Stamane nella mia mailbox ho trovato una mail il cui oggetto parlava di petizione. Ho pensato si trattasse della solita catena di Sant’Antonio, ma considerato che il mittente era di fiducia sono andato a vederne il contenuto. E’ stato uno choc!

Nella mail si parla del massacro dei cani e volpi in Cina per ricavarne le pellicce. Questi poveri e indifesi animali vengono storditi con dei colpi alla testa per poi essere scuoiati vivi, in modo che la pelliccia sia più pregiata. MALEDETTE PELLICCE! Ma è possibile che l’uomo sia così crudele? Quelle povere bestiole, dopo esser state scuoiate, rimangono vive per alcuni minuti…

Non ci volevo credere, ho pensato fosse uno della solita leggenda metropolitana.
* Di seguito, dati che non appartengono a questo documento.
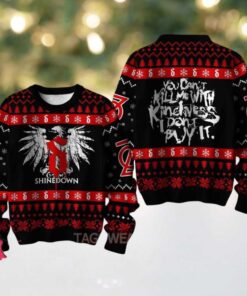 Shinedown You Can’t Kill Me With Kindness I Don’t Buy It Knitted Black And Red Ugly Christmas Sweater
Purtroppo mi sbagliavo, allegato c’era un video dell’inchiesta fatta dalla Swiss Animal Protection e EAST International.

 

ATTENZIONE: il contenuto è molto forte e non adatto ai minori.
La visione del filmato è a vostro rischio e pericolo.
 

ATTENZIONE: il contenuto è molto forte e non adatto ai minori.
La visione del filmato è a vostro rischio e pericolo.

 

Per partecipare alla petizione basta inviare una mail con almeno 500 nomitivi e realtiva città di appartenenza a PETA2@peta.org.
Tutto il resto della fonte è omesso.